The Obama administration doesn't plan to inject common equity into the banks. Instead, it will buy "mandatory convertible preferred" shares in any bank that fails a stress test. These kick off this week. Previous capital injections, which were in the form of straightforward preferred shares, can also be exchanged into these new-fangled mandatory converts.
The idea is that this new class of capital will be converted into ordinary shares only if the bank needs it. The government may yet end up owning big chunks of the banks, but it is doing everything it can to put off the evil day. Given the dangers of political meddling, it is right that nationalization should be a policy of last, rather than first, resort.
The mandatory aspect of the conversion might suggest that shareholders will get thwacked. But that seems unlikely -- at least if Tim Geithner is sticking to what he announced earlier in the month.
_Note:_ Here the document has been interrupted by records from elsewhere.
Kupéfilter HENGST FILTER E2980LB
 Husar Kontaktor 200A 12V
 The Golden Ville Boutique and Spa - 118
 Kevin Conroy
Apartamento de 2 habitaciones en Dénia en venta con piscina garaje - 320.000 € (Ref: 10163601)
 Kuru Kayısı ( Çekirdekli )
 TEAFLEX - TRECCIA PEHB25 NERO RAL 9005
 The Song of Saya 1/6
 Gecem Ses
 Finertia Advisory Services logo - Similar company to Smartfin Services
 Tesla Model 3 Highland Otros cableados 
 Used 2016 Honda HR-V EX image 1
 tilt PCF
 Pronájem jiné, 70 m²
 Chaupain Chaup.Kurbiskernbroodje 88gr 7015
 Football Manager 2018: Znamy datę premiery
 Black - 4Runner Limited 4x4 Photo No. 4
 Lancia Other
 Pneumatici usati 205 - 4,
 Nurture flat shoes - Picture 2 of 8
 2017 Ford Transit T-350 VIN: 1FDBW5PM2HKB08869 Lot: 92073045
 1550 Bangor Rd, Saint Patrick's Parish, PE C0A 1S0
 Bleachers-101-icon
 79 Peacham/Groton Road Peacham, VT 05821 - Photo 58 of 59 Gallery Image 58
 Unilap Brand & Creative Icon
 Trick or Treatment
The Treasury secretary said then that the price at which the new capital would convert into ordinary shares would be a modest discount to the share price on February 9.
Citi's (C, Fortune 500) share price on that day was $3.95, while BofA's (BAC, Fortune 500) was $6.90. In both cases, that is roughly double where the stocks stood on Friday. A conversion of the government's $45 billion stakes in each bank at that price would still amount to a massive dilution for ordinary shareholders. The U.S. would end up with 68% of Citi and 51% of BofA. But if the banks' ordinary capital is wiped out, selling shares to taxpayers at twice Friday's price will seem a positive bargain.